I do regret that the remarkable monk, whose abridged views on monachism I have here given, should have requested me never to give his name, when he allows me to tell some of his adventures, which will make a most interesting romance. Faithful to his promise, he went, as an Oblate, to preach to the savages of the Rocky Mountains, and there, without noise, he slipped out of their hands; broke his chains to live the life of a freedman of Christ, in the holy bonds of a Christian marriage with a respectable American lady.

Weak and timid soldier that I was once; frightened by the ruins spread everywhere on the battle-field, I looked around to find a shelter against the impending danger; I thought that the monastery of the Oblates of Mary Immaculate was one of those strong towers, built by my God, where the arrows of the enemy could not reach me, and I threw myself into it.
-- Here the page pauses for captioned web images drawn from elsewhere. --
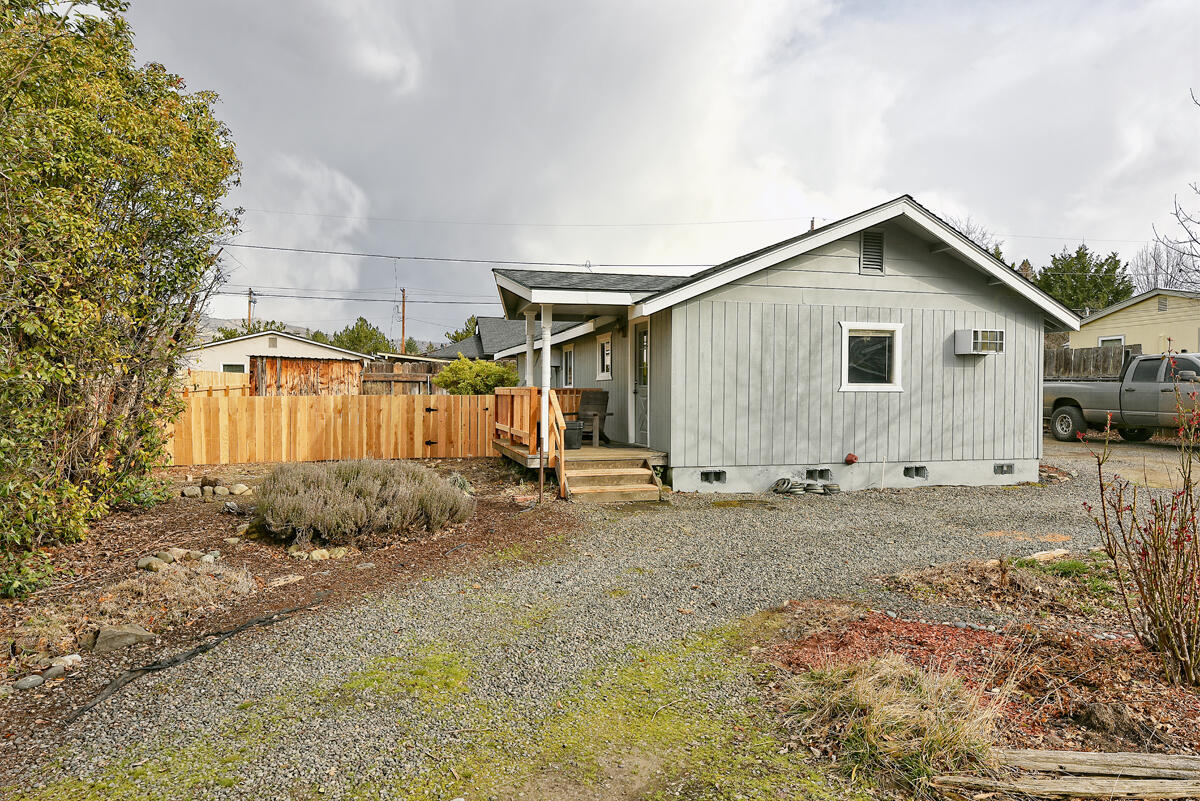1808 Spring Street Medford, OR 97504 - Photo 7 of 49 8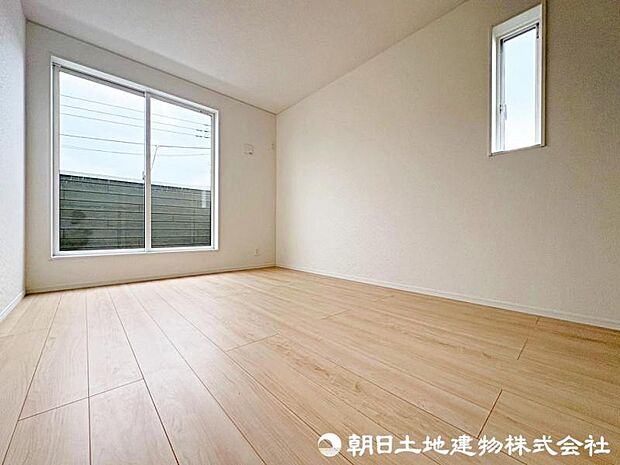 窓から差し込む暖かな陽光のある洋室！大き目のベッド配置可能で主寝室におすすめ！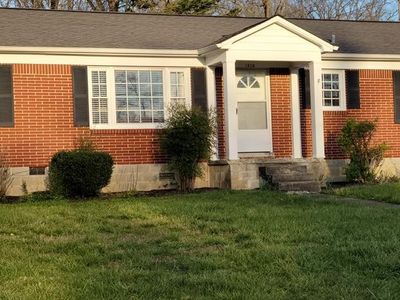 1325 Maddux Ave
But, hardly beginning to hope that I was out of danger, behind those dark and high walls, when I saw them shaking like a drunken man; and the voice of God passed like a hurricane over me.
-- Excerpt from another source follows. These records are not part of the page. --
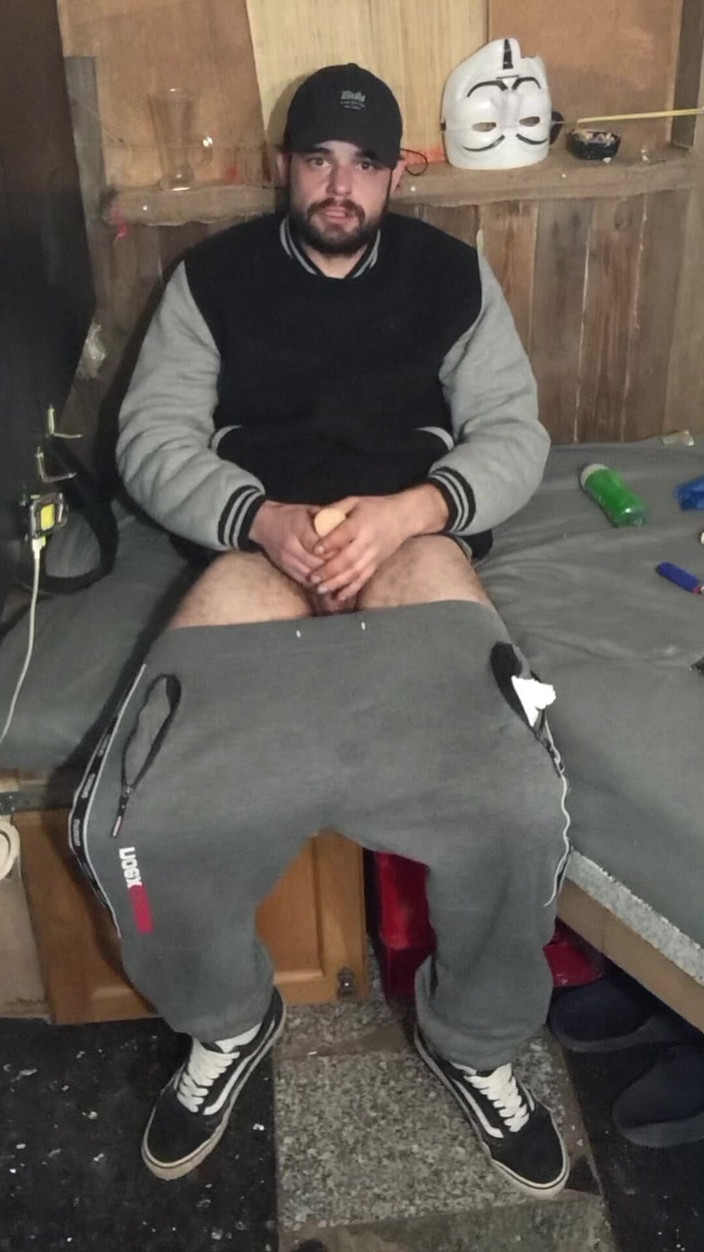 jerkofflover: 在我去自慰的地方射精，在我制作的视频之前加上控制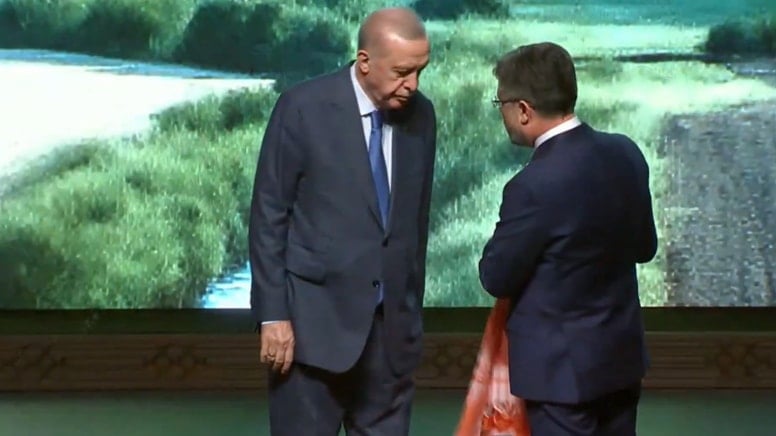 Erdoğan, Bakan Yumaklı'nın uzattığı Yörük poşusunu takmadı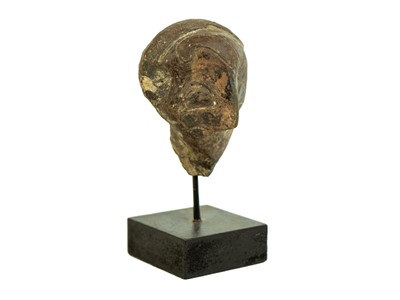 Lot 1078 - A Vinca clay head circa 5000-4000 BC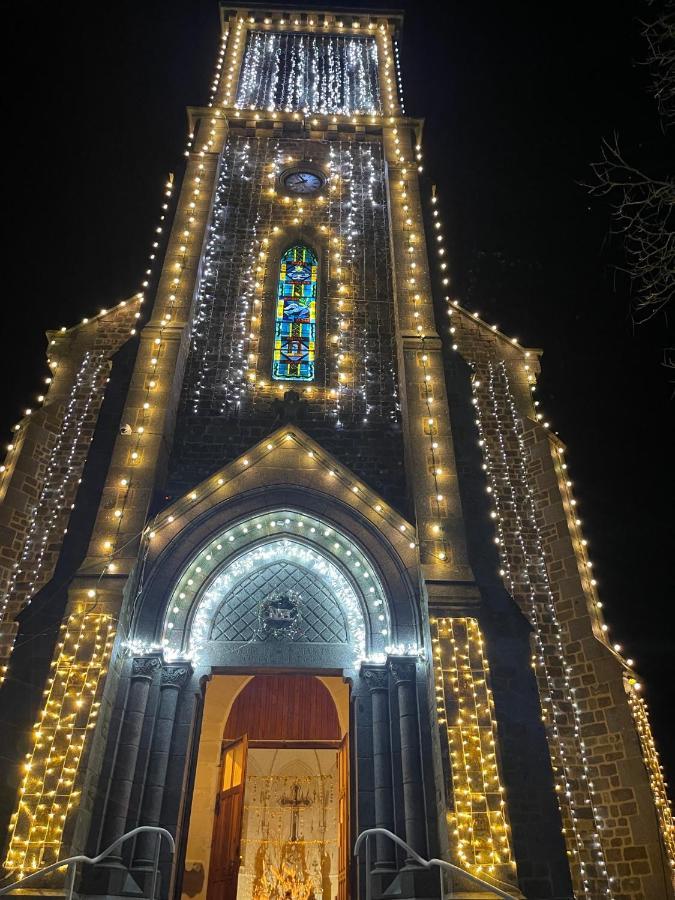 Mantilly Holiday Gite Exterior foto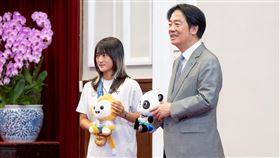 總統賴清德接見「2025年第12屆成都世界運動會」代表團選手、教練及隊職員。（圖／總統府提供） 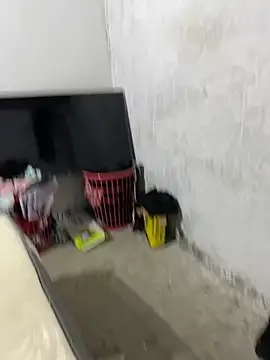 sexy-colombiana online show from April 2026 12:52:02 AM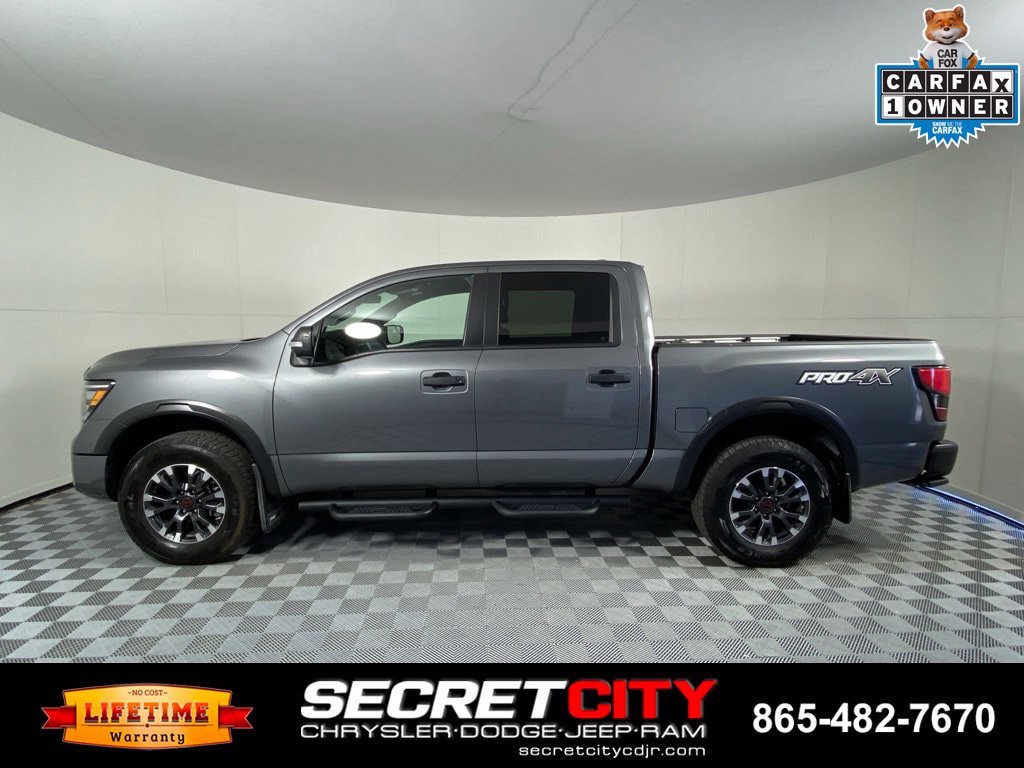 Used 2023 Nissan Titan PRO-4X w/ Pro-4x Convenience Package AWD/4WD image 4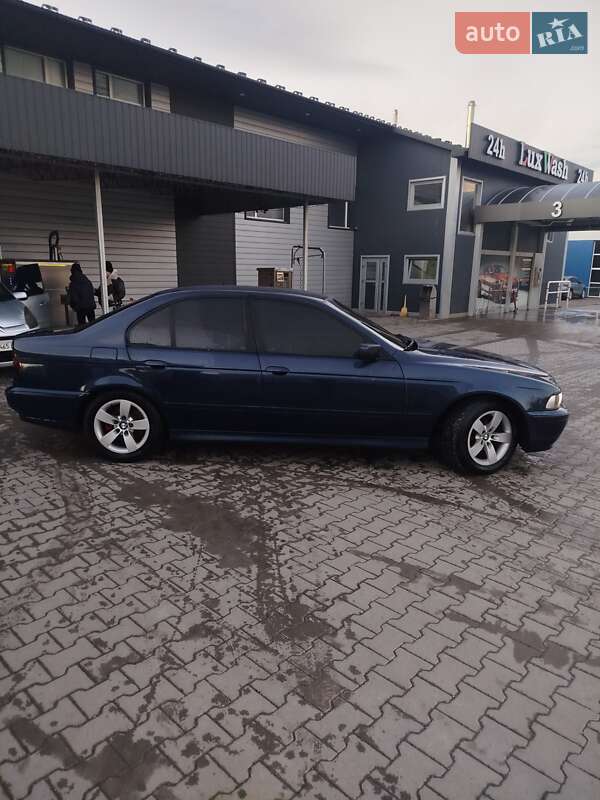 Седан BMW 5 Series 1999 в Бучаче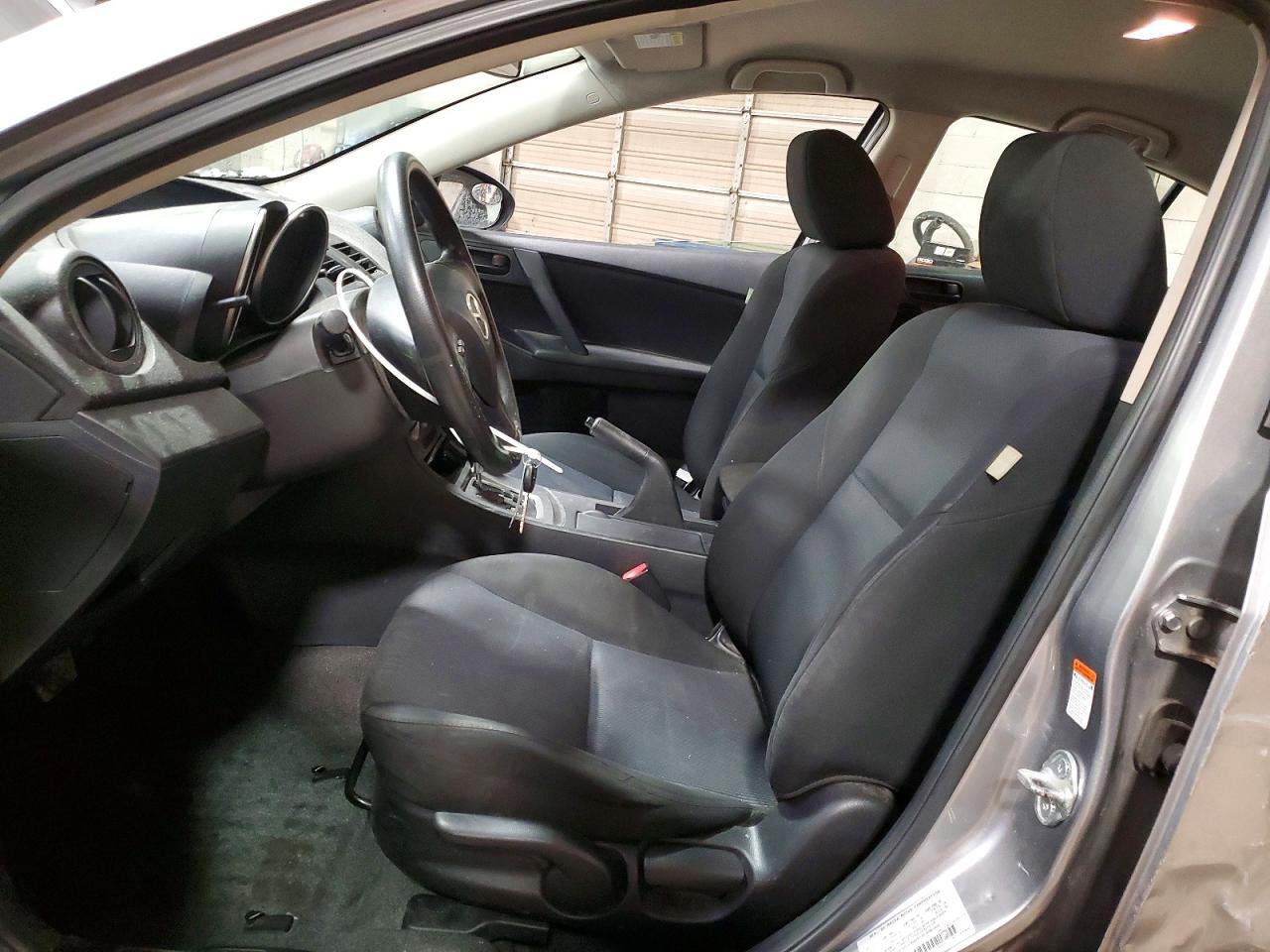 2010 Mazda 3 I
Suddenly, the high towers and walls around me fell to the ground, and were turned into dust. Not one stone remained on another.

And I heard a voice saying to me: "Soldier! come out and get in the light of the sun; trust no more in the walls built by the hand of man; they are nothing but dust. Come and fight in the open day, under the eyes of God, protected only by the gospel banner of Christ! come out from behind those walls they are a diabolical deception, a snare, a fraud!"

I listened to the voice, and I bade adieu to the inmates of the monastery of the Oblates of Mary Immaculate.

When, on the 1st of November, 1847, I pressed them on my heart for the last time, I felt the burning tears of many of them falling on my cheeks, and my tears moistened their faces: for they loved me, and I loved them. I had met there several noble hearts and precious souls worthy of a better fate. Oh! if I could have, at the price of my life, given them the light and liberty which my merciful God had given me! But they were in the dark; and there was no power in me to change their darkness into light. The hand of God brought me back to my dear Canada, that I might again offer it the sweat and the labours, the love and life of the least of its sons.